In demand: co-living spaces

They provide adequate private space, common lounges, TV rooms, gyms, housekeeping services, and personal safety features.

August 30, 2019 05:21 pm | Updated September 03, 2019 01:43 pm IST

Movement of office space in Bengaluru has maintained stable momentum since the dawn of the year. The city registers sale of 12 to 14 million square feet (mn.sq.ft.) of office space annually. By the end of August, the sector has already seen sale of 8 mn.sq.ft. Although there have been cautious calls on capital expenditure in the wake of a general slowdown being witnessed in the national economy, the sector has not seen any slump as far as Bengaluru is concerned.

This is mainly attributed to Bengaluru’s capacity to constantly generate new jobs.

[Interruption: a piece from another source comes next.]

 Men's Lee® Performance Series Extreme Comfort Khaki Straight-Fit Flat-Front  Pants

The city is said to be adding 150,000 new jobs annually. With 100 sq. ft. assigned for workspace for an average individual, the city annually requires around 15 mn.sq.ft. of additional workspace.

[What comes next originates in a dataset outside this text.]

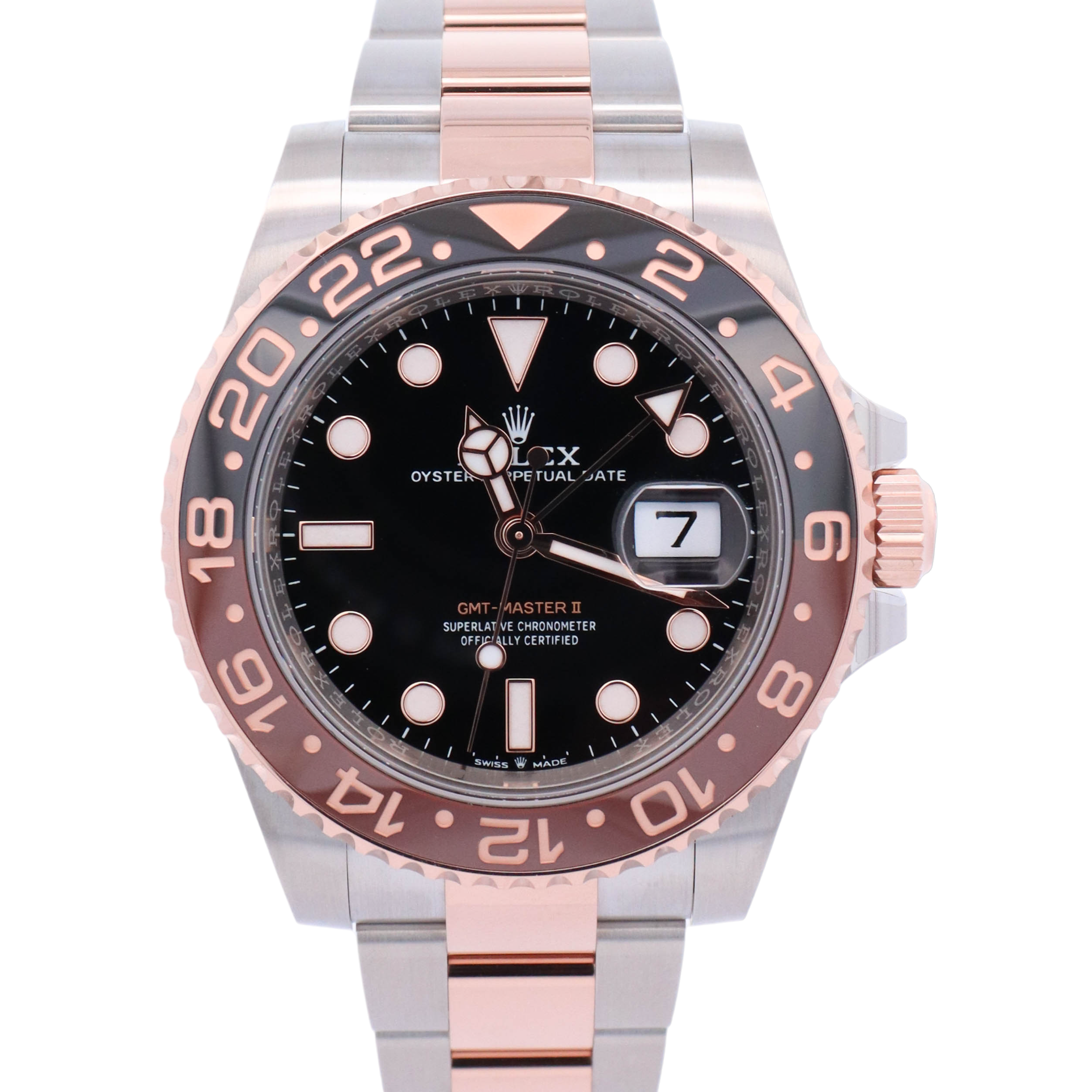 Rolex GMT Master II 40mm Black Dot Dial Watch Ref# 126711CHNR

The year has already seen Australian telecom giant Telstra setting up its global in-house centre spread over 250,000 sq. ft. space in Embassy Tech Village. Amazon has been adding six to eight thousand jobs in the city over the last few years.

Google and Deloitte are expanding their footprint in the city. Ikea has been looking for land but a final word is yet to be heard. Walmart has come up with a tech centre on the ORR and is acquiring space in Cessna Park.

After co-working, co-living has emerged as the new asset class in the city. Currently, the existing facilities in the city offer 5,000 to 7,000 beds. But, the city may be looking for facilities with around 30,000 to 40,000 beds in the next two years as the young people are switching preference to co-loving spaces from PGs that offered bare essentials of existence.

This has happened mainly due to induction of new technology where aggregation dispenses the dependability on human hands. A diversity of sources spoken to within the CRE sector were unanimous that only larger volume lends profitability to the sector.

These spaces, mainly counted in terms of beds (instead of sq. ft. space), provide adequate private space (around 200 sq. ft), common lounges, TV rooms and gyms and come studded with housekeeping services, laundromats (coin-wash), barbeques, and personal safety features (such as digital locks, facial recognition access, emergency response team etc). With no ready stock, this sector is all likely to register soaring growth in months ahead.

Early this week, Embassy Group announced taking up co-living as a new business initiative. The Group said it is taking up construction of facilities with 20,000 beds initially and will take the number to over a lakh beds in the next five years.

The company is making forays into the sector under EPDPL Co-Living Private Limited and will target growing migrant millennial workforce.